Start of Material provided

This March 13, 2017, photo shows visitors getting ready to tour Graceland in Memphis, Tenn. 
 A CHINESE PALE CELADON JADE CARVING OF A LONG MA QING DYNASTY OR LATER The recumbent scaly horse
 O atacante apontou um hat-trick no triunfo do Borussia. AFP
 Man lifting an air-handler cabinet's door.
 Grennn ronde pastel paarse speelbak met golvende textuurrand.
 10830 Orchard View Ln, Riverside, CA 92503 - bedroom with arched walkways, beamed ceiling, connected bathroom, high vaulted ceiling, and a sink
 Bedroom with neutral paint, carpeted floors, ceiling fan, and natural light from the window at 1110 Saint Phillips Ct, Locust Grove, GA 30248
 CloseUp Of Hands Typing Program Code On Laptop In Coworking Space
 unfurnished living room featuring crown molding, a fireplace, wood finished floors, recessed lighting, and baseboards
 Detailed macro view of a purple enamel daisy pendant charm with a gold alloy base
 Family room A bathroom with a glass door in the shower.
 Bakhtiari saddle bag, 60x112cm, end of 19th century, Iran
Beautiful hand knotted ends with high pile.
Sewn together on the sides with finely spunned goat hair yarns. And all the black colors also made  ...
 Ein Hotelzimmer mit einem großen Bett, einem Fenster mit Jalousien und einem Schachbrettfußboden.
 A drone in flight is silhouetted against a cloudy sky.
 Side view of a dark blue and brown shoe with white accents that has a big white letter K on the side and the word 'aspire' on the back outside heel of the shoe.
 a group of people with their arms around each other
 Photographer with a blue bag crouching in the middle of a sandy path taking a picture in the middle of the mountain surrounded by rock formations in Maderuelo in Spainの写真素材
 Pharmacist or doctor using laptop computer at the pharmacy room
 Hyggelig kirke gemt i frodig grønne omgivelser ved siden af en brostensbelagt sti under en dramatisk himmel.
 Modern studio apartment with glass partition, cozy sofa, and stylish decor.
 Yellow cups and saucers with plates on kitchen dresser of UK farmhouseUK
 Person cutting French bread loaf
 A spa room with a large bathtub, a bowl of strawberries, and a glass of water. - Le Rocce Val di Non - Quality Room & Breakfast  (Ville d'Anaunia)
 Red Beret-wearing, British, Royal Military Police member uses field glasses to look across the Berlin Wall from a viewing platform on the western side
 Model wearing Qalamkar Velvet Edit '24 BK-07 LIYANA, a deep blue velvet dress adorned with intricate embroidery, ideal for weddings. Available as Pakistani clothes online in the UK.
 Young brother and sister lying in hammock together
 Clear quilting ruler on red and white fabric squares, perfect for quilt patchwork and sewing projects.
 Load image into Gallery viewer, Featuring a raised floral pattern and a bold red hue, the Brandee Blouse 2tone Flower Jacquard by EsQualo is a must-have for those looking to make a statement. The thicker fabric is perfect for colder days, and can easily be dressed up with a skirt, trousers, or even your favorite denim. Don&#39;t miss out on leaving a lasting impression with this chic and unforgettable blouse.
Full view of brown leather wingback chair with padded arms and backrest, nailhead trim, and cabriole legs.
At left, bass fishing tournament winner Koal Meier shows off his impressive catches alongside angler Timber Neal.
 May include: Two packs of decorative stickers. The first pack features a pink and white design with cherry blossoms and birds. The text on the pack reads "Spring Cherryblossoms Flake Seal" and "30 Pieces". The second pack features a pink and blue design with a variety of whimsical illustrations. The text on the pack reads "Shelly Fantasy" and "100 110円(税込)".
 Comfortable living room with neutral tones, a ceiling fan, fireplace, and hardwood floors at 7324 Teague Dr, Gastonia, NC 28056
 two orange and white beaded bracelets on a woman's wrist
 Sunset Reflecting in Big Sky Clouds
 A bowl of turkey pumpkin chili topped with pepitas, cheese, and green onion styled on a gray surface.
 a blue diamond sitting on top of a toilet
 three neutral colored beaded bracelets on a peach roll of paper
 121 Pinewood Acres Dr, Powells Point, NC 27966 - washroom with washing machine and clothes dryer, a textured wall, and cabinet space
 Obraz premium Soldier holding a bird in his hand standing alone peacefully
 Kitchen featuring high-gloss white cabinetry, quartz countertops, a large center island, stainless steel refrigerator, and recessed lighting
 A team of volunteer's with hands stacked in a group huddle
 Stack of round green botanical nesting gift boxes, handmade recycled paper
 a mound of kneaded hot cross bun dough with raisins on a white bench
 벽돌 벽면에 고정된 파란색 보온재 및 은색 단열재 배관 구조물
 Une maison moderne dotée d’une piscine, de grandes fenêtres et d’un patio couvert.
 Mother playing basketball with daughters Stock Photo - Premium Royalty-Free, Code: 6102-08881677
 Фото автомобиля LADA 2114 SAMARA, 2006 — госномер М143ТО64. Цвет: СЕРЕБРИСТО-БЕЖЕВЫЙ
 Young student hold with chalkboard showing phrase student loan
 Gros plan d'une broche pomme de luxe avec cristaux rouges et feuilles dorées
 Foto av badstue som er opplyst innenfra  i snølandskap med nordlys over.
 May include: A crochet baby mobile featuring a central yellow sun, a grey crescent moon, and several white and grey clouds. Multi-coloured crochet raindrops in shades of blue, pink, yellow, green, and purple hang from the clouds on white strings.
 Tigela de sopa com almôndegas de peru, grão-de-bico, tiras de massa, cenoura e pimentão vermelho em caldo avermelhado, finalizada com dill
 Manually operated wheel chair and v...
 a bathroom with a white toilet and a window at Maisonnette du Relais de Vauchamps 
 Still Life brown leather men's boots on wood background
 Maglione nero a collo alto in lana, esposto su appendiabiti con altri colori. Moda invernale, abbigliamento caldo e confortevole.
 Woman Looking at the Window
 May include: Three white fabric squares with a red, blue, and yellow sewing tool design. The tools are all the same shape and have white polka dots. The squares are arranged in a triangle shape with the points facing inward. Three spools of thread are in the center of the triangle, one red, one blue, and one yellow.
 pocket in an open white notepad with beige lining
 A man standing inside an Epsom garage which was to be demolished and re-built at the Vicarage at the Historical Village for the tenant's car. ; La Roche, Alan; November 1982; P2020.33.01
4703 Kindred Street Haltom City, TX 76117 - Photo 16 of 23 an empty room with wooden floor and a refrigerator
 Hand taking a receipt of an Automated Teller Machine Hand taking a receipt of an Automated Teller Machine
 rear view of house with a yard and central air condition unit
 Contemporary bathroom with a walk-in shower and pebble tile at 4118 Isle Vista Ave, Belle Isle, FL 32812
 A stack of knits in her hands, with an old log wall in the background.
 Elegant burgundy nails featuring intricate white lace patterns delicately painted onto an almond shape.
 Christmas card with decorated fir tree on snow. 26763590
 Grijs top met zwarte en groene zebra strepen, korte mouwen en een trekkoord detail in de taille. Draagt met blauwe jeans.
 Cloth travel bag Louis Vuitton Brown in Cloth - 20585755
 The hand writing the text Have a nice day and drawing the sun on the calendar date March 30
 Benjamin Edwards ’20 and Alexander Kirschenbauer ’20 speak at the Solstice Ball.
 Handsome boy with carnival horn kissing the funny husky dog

End of Material provided

Your task :: Retype every line of the listing exactly as it appears.

Completed exercise ::
This March 13, 2017, photo shows visitors getting ready to tour Graceland in Memphis, Tenn. 
 A CHINESE PALE CELADON JADE CARVING OF A LONG MA QING DYNASTY OR LATER The recumbent scaly horse
 O atacante apontou um hat-trick no triunfo do Borussia. AFP
 Man lifting an air-handler cabinet's door.
 Grennn ronde pastel paarse speelbak met golvende textuurrand.
 10830 Orchard View Ln, Riverside, CA 92503 - bedroom with arched walkways, beamed ceiling, connected bathroom, high vaulted ceiling, and a sink
 Bedroom with neutral paint, carpeted floors, ceiling fan, and natural light from the window at 1110 Saint Phillips Ct, Locust Grove, GA 30248
 CloseUp Of Hands Typing Program Code On Laptop In Coworking Space
 unfurnished living room featuring crown molding, a fireplace, wood finished floors, recessed lighting, and baseboards
 Detailed macro view of a purple enamel daisy pendant charm with a gold alloy base
 Family room A bathroom with a glass door in the shower.
 Bakhtiari saddle bag, 60x112cm, end of 19th century, Iran
Beautiful hand knotted ends with high pile.
Sewn together on the sides with finely spunned goat hair yarns. And all the black colors also made  ...
 Ein Hotelzimmer mit einem großen Bett, einem Fenster mit Jalousien und einem Schachbrettfußboden.
 A drone in flight is silhouetted against a cloudy sky.
 Side view of a dark blue and brown shoe with white accents that has a big white letter K on the side and the word 'aspire' on the back outside heel of the shoe.
 a group of people with their arms around each other
 Photographer with a blue bag crouching in the middle of a sandy path taking a picture in the middle of the mountain surrounded by rock formations in Maderuelo in Spainの写真素材
 Pharmacist or doctor using laptop computer at the pharmacy room
 Hyggelig kirke gemt i frodig grønne omgivelser ved siden af en brostensbelagt sti under en dramatisk himmel.
 Modern studio apartment with glass partition, cozy sofa, and stylish decor.
 Yellow cups and saucers with plates on kitchen dresser of UK farmhouseUK
 Person cutting French bread loaf
 A spa room with a large bathtub, a bowl of strawberries, and a glass of water. - Le Rocce Val di Non - Quality Room & Breakfast  (Ville d'Anaunia)
 Red Beret-wearing, British, Royal Military Police member uses field glasses to look across the Berlin Wall from a viewing platform on the western side
 Model wearing Qalamkar Velvet Edit '24 BK-07 LIYANA, a deep blue velvet dress adorned with intricate embroidery, ideal for weddings. Available as Pakistani clothes online in the UK.
 Young brother and sister lying in hammock together
 Clear quilting ruler on red and white fabric squares, perfect for quilt patchwork and sewing projects.
 Load image into Gallery viewer, Featuring a raised floral pattern and a bold red hue, the Brandee Blouse 2tone Flower Jacquard by EsQualo is a must-have for those looking to make a statement. The thicker fabric is perfect for colder days, and can easily be dressed up with a skirt, trousers, or even your favorite denim. Don&#39;t miss out on leaving a lasting impression with this chic and unforgettable blouse.
Full view of brown leather wingback chair with padded arms and backrest, nailhead trim, and cabriole legs.
At left, bass fishing tournament winner Koal Meier shows off his impressive catches alongside angler Timber Neal.
 May include: Two packs of decorative stickers. The first pack features a pink and white design with cherry blossoms and birds. The text on the pack reads "Spring Cherryblossoms Flake Seal" and "30 Pieces". The second pack features a pink and blue design with a variety of whimsical illustrations. The text on the pack reads "Shelly Fantasy" and "100 110円(税込)".
 Comfortable living room with neutral tones, a ceiling fan, fireplace, and hardwood floors at 7324 Teague Dr, Gastonia, NC 28056
 two orange and white beaded bracelets on a woman's wrist
 Sunset Reflecting in Big Sky Clouds
 A bowl of turkey pumpkin chili topped with pepitas, cheese, and green onion styled on a gray surface.
 a blue diamond sitting on top of a toilet
 three neutral colored beaded bracelets on a peach roll of paper
 121 Pinewood Acres Dr, Powells Point, NC 27966 - washroom with washing machine and clothes dryer, a textured wall, and cabinet space
 Obraz premium Soldier holding a bird in his hand standing alone peacefully
 Kitchen featuring high-gloss white cabinetry, quartz countertops, a large center island, stainless steel refrigerator, and recessed lighting
 A team of volunteer's with hands stacked in a group huddle
 Stack of round green botanical nesting gift boxes, handmade recycled paper
 a mound of kneaded hot cross bun dough with raisins on a white bench
 벽돌 벽면에 고정된 파란색 보온재 및 은색 단열재 배관 구조물
 Une maison moderne dotée d’une piscine, de grandes fenêtres et d’un patio couvert.
 Mother playing basketball with daughters Stock Photo - Premium Royalty-Free, Code: 6102-08881677
 Фото автомобиля LADA 2114 SAMARA, 2006 — госномер М143ТО64. Цвет: СЕРЕБРИСТО-БЕЖЕВЫЙ
 Young student hold with chalkboard showing phrase student loan
 Gros plan d'une broche pomme de luxe avec cristaux rouges et feuilles dorées
 Foto av badstue som er opplyst innenfra  i snølandskap med nordlys over.
 May include: A crochet baby mobile featuring a central yellow sun, a grey crescent moon, and several white and grey clouds. Multi-coloured crochet raindrops in shades of blue, pink, yellow, green, and purple hang from the clouds on white strings.
 Tigela de sopa com almôndegas de peru, grão-de-bico, tiras de massa, cenoura e pimentão vermelho em caldo avermelhado, finalizada com dill
 Manually operated wheel chair and v...
 a bathroom with a white toilet and a window at Maisonnette du Relais de Vauchamps 
 Still Life brown leather men's boots on wood background
 Maglione nero a collo alto in lana, esposto su appendiabiti con altri colori. Moda invernale, abbigliamento caldo e confortevole.
 Woman Looking at the Window
 May include: Three white fabric squares with a red, blue, and yellow sewing tool design. The tools are all the same shape and have white polka dots. The squares are arranged in a triangle shape with the points facing inward. Three spools of thread are in the center of the triangle, one red, one blue, and one yellow.
 pocket in an open white notepad with beige lining
 A man standing inside an Epsom garage which was to be demolished and re-built at the Vicarage at the Historical Village for the tenant's car. ; La Roche, Alan; November 1982; P2020.33.01
4703 Kindred Street Haltom City, TX 76117 - Photo 16 of 23 an empty room with wooden floor and a refrigerator
 Hand taking a receipt of an Automated Teller Machine Hand taking a receipt of an Automated Teller Machine
 rear view of house with a yard and central air condition unit
 Contemporary bathroom with a walk-in shower and pebble tile at 4118 Isle Vista Ave, Belle Isle, FL 32812
 A stack of knits in her hands, with an old log wall in the background.
 Elegant burgundy nails featuring intricate white lace patterns delicately painted onto an almond shape.
 Christmas card with decorated fir tree on snow. 26763590
 Grijs top met zwarte en groene zebra strepen, korte mouwen en een trekkoord detail in de taille. Draagt met blauwe jeans.
 Cloth travel bag Louis Vuitton Brown in Cloth - 20585755
 The hand writing the text Have a nice day and drawing the sun on the calendar date March 30
 Benjamin Edwards ’20 and Alexander Kirschenbauer ’20 speak at the Solstice Ball.
 Handsome boy with carnival horn kissing the funny husky dog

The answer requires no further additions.